Sadiq Khan calls Trump racist, sexist and Islamophobic

Sadiq Khan calls Trump racist, sexist and Islamophobic

Sir Sadiq Khan has called Donald Trump racist, sexist and Islamophobic after the US president renewed his feud with the London mayor during a speech to the United Nations.

“I think President Trump has shown he is racist, he is sexist, he is misogynistic and he is Islamophobic,” Sir Sadiq told told Sky News.

Asked about Mr Trump’s comments that Sir Sadiq is a “terrible mayor”, he said he was “thankful” that record numbers of Americans are coming to London.

Cabinet minister Bridget Phillipson later declined to repeat Sir Sadiq’s description of Mr Trump.

Another minister had accused Mr Trump of “misreading” London after the US president claimed the city wants to “go to sharia law”.

Green Party leader Zack Polanski praised Sir Sadiq’s response as “exactly what the leader of a diverse and vibrant city like London should say”.

“These words only amplify the silence coming from those in Westminster who seem unable or unwilling to speak out,” he posted on X.

Sir Sadiq had earlier told ITV London when asked if he thought Mr Trump was Islamophobic: “I think when somebody behaves a certain way, when somebody says certain things, when somebody shows you who they are – believe it.”

He added: “I think I’ve got squatters’ rights for the amount of time I’ve spent in Donald Trump’s head.
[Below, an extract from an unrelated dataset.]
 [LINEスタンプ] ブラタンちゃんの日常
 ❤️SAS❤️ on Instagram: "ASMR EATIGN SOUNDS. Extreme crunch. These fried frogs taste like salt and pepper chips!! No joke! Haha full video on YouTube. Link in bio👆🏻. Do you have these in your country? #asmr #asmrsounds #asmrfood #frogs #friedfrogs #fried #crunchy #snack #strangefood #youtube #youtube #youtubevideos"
I’m just hoping he doesn’t send me an invoice for all the time I’ve spent there.”

Education Secretary Ms Phillipson said she would not “name call” when asked if Sir Sadiq was right in his description of the US president.

“I understand why Sadiq would feel strongly about that, given the comments made by the president about Sadiq personally, but I’m not going to get into that kind of name-calling,” she told BBC Radio 5 Live.

She backed Sir Sadiq as a “brilliant mayor” with a “powerful story to tell about what he has achieved” in the capital.

But she argued that the UK needs “a relationship with the US president” that is about more than “individuals”.

Work and Pensions Secretary Pat McFadden had earlier dismissed the president’s attack, and said Mr Trump had had “a beef” with Sir Sadiq for years.

He told BBC Breakfast: “As regards the United Kingdom, on the comments on London, look, I just think it’s a misreading of our great capital city.

“This is a big asset to the United Kingdom. It’s known all over the world, it’s a big engine of our economy, of creativity.”

Speaking to GB News from Crystal Palace’s stadium in south London, he said: “We have British law here at Selhurst Park this morning, no other kind of law, and that’s what applies in our capital city and throughout our country.”

Referring to the president’s long-running dispute with Sir Sadiq, he told Times Radio: “I think the two of them have had a beef for some years.”

Mr Trump’s second state visit to the UK included no public-facing engagements in London, with events with the King in Windsor and the Prime Minister in Chequers rather than Downing Street.

In his speech to the United Nations on Tuesday, Mr Trump said: “I look at London, where you have a terrible mayor, terrible, terrible mayor, and it’s been changed, it’s been so changed.

“Now they want to go to sharia law. But you are in a different country, you can’t do that.”

He said that “Europe is in serious trouble” because it was being “invaded by a force of illegal aliens”.

Reform UK leader Nigel Farage said Mr Trump was right to say that sharia law is “an issue in London”.

Speaking during an LBC phone-in, he said: “Never take what he says literally, ever on anything, but always take everything he says seriously.”

But he said Mr Trump “has a point”.

He said: “So is he right to say that sharia is an issue in London? Yes.

“Is it an overwhelming issue at this stage? No.

“Has the mayor of London directly linked himself to it? No.”

He added: “I think what Trump was aiming at with his big pitch that the West (is) going to hell is it’s in danger of losing its culture, its heritage, its identity… Look at Stockholm. Look at parts of Germany. Look at what the mass importation of people who come from very different cultures has done to those cities.”